BEGIN INPUT DATA

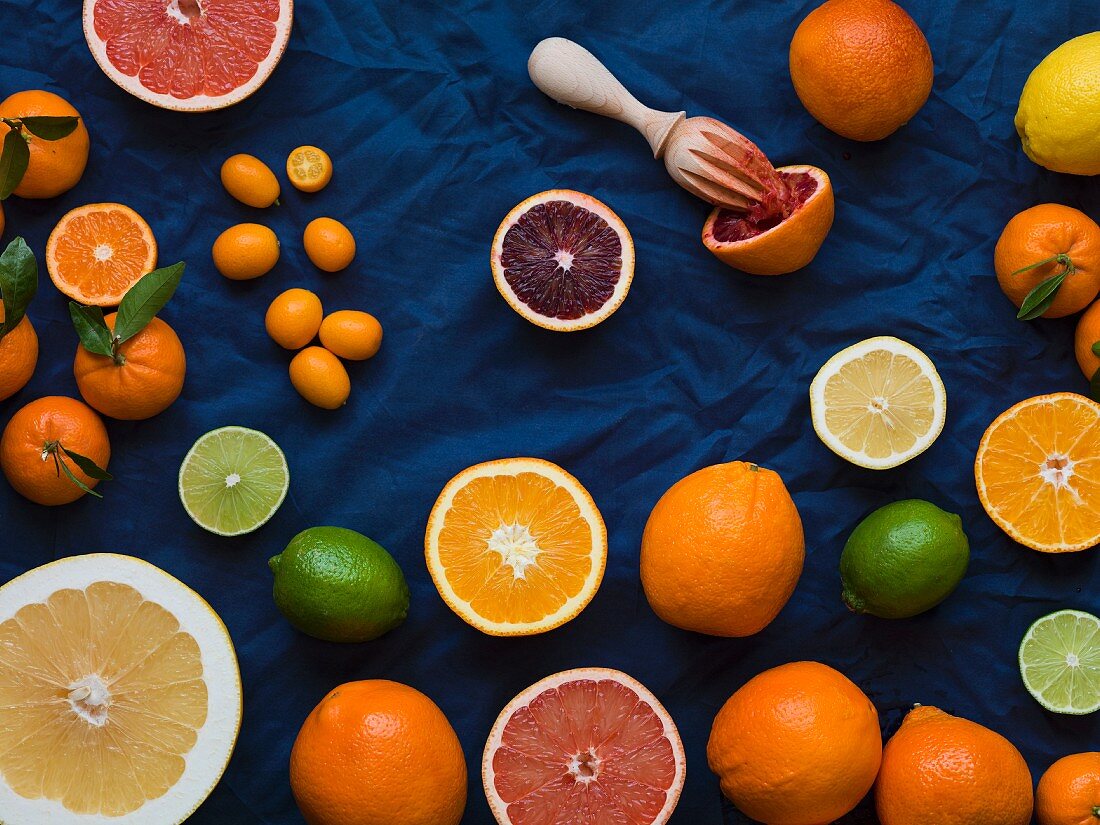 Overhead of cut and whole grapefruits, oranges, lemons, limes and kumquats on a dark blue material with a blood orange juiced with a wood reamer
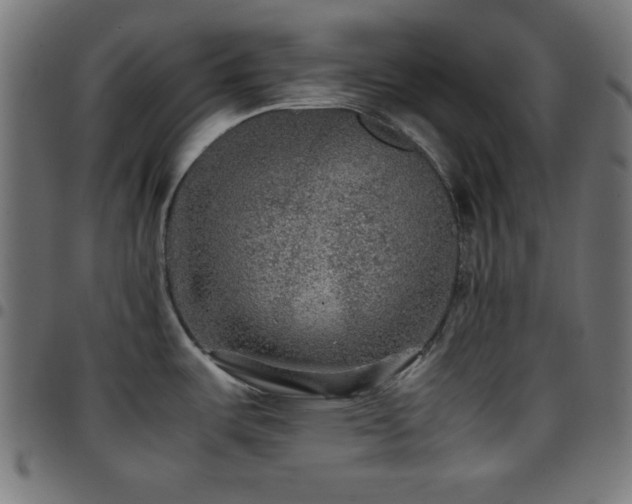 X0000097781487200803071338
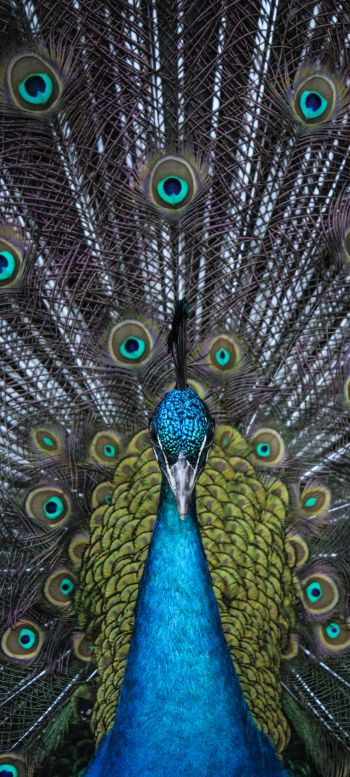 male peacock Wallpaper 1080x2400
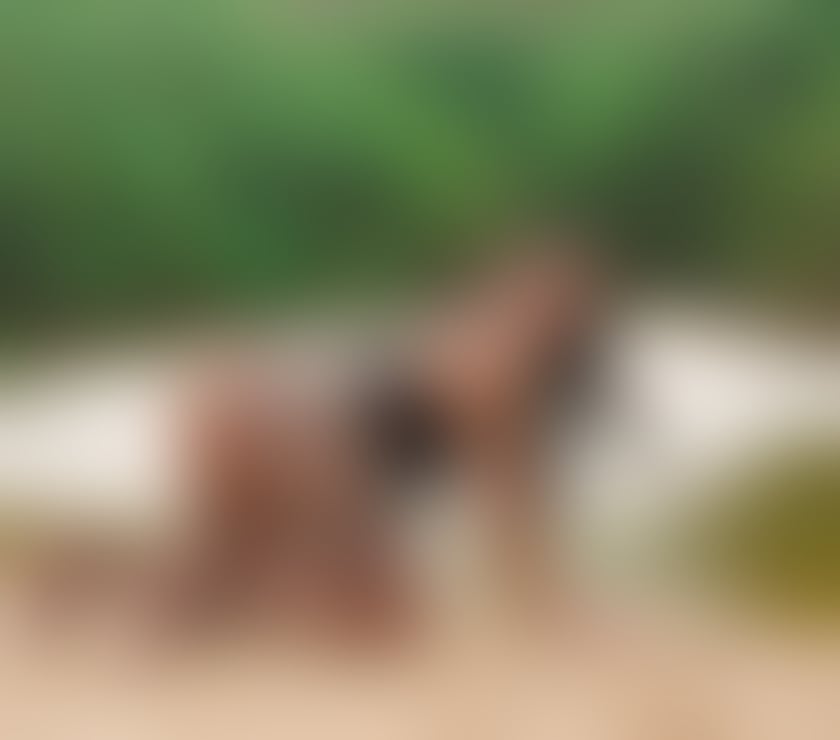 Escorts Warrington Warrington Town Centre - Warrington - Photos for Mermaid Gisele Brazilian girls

END INPUT DATA

** TRY IT **
Omit any images, then output the listing exactly.

** YOUR RESPONSE **
 Overhead of cut and whole grapefruits, oranges, lemons, limes and kumquats on a dark blue material with a blood orange juiced with a wood reamer
 X0000097781487200803071338
 male peacock Wallpaper 1080x2400
 Escorts Warrington Warrington Town Centre - Warrington - Photos for Mermaid Gisele Brazilian girls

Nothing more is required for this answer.